Our approach is based on the observation that a neural network can be represented as a directed acyclic graph, within which only exists a limited set of frequent subgraphs. With that, we design a graph pruning algorithm that efficiently folds the search space. As a result, TAP runs at sub-linear complexity with respect to model size, which makes it a practical solution for large-scale networks.

Experimental results demonstrate that TAP outperforms the state-of-the-art automatic parallelism frameworks by  $20-160\times$  in searching time. Moreover, the performance of TAP's discovered schedules is competitive with expert-engineered ones. In summary, TAP provides a powerful and efficient tool for model parallelism that can help alleviate the burden of manual tuning.

### I. INTRODUCTION

Recent years have witnessed a burgeoning of large deep neural networks (DNNs) that deliver unprecedented accuracy across a wide range of AI tasks. The rate of DNN model size increase, however, has far surpassed the growth in accelerator memory capacity. To address this challenge, model parallelism has been proposed, where model weights are sharded onto multiple devices during distributed DNN training.

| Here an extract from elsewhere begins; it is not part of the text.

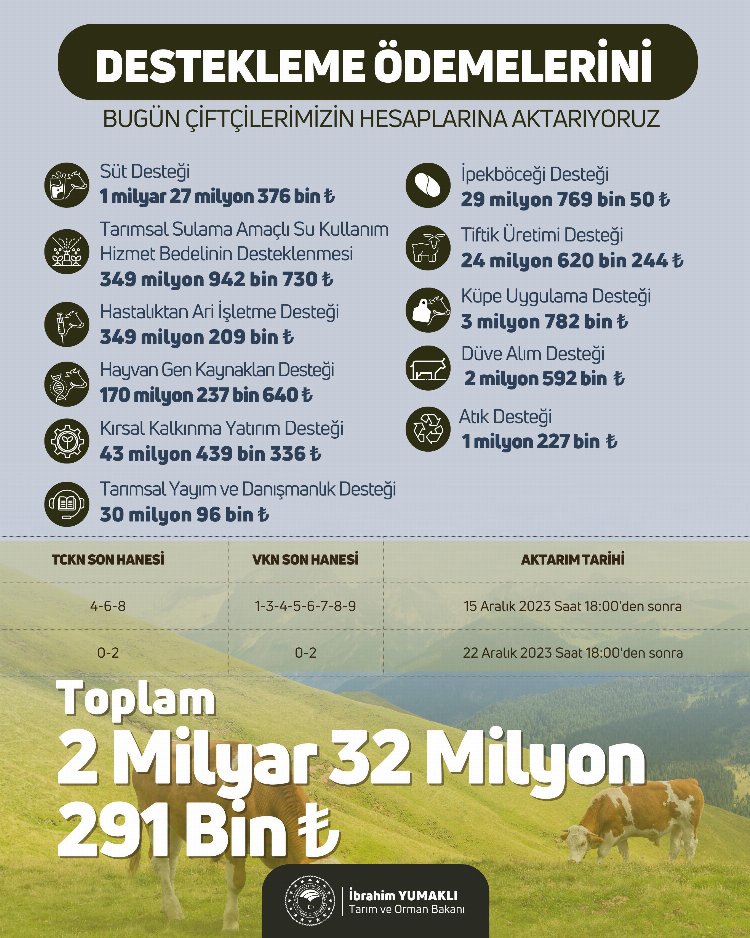 Tarımsal destekler bugün hesaplarda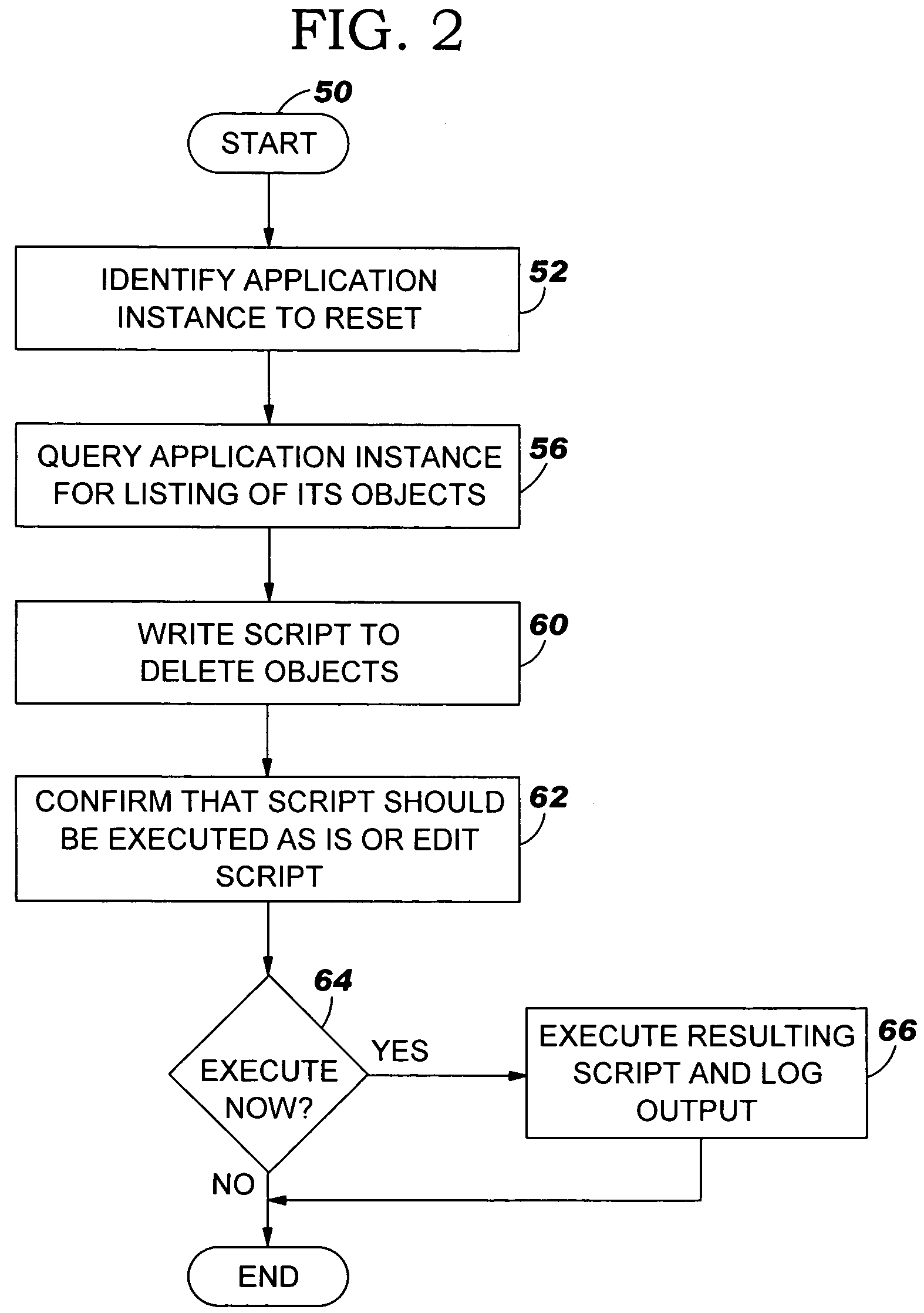 System, method and program tool to reset an application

There are two main paradigms in model parallelism: pipeline parallelism and tensor parallelism. Pipeline parallelism divides the model into layers. Only activations are communicated during the forward pass, while gradient tensors are exchanged in the backward phase. Pipeline parallelism has recently drawn much attention, with many proposed algorithms aiming to find the optimal pipeline schedule that minimizes the pipeline idle time (i.e., "bubble size"). However, pipeline parallelism suffers from two significant drawbacks: 1) each layer must fit into a single accelerator's memory, and 2) interleaving different layers can be challenging for models with imbalanced architectures. As an alternative, tensor parallelism partitions the model weights and distributes them to multiple devices, thus lifting the restriction on the size of individual layers. In this work, we focus on tensor parallelism.

Manual specification of tensor parallelism is a daunting task, given that the quality of a partitioning scheme depends on the neural network architecture and the hardware system. To address this challenge, *automatic* parallelism approaches have

been proposed which leverage user hints or guided searches over the entire partitioning candidate space. We argue that a brute-force search of the space is unnecessary in the majority of cases. Our research makes two key observations: Firstly, most neural networks include shared subgraphs that can significantly reduce the search space. Secondly, communication is the primary bottleneck during tensor parallelism training, and contiguous partitions in a block cannot overlap. Therefore, the search process can be accelerated by only searching for unique neural network sub-modules and evaluating candidate strategies based on their communication cost.

Based on those observations, we present TAP , a deep learning framework that automatically derives tensor-parallel plans for arbitrary neural networks without requiring expert annotations. TAP first constructs a skimmed DAG by removing auxiliary nodes, then it finds all of the shared subgraphs and searches for the optimal sharding schedule for each of them. In the end, TAP reconstructs the DAG by applying the found solution to the original graph. TAP drastically reduces the search space for tensor parallel plans, achieving  $20 \times -160 \times$  speedup compared with the state-of-the-art autoparallel framework. Evaluations demonstrate that our approach can also generate comparable solutions to the tensor parallel schedules designed by an expert [17].

Our paper makes the following contributions:

- A set of intermediate representations (IRs) of the computational graph that abstract away from low-level implementation details;
- A graph pruning algorithm that exploits the shared substructure to facilitate efficient searching;
- A communication-based cost model that accurately captures the communication requirements for tensor-parallel training.

### II. BACKGROUND

# A. Model Parallelism

Model parallelism distributes model weights onto different devices and synchronizes the full model through collective communication [6]. Model parallelism can be further divided into categories, pipeline parallelism and tensor parallelism.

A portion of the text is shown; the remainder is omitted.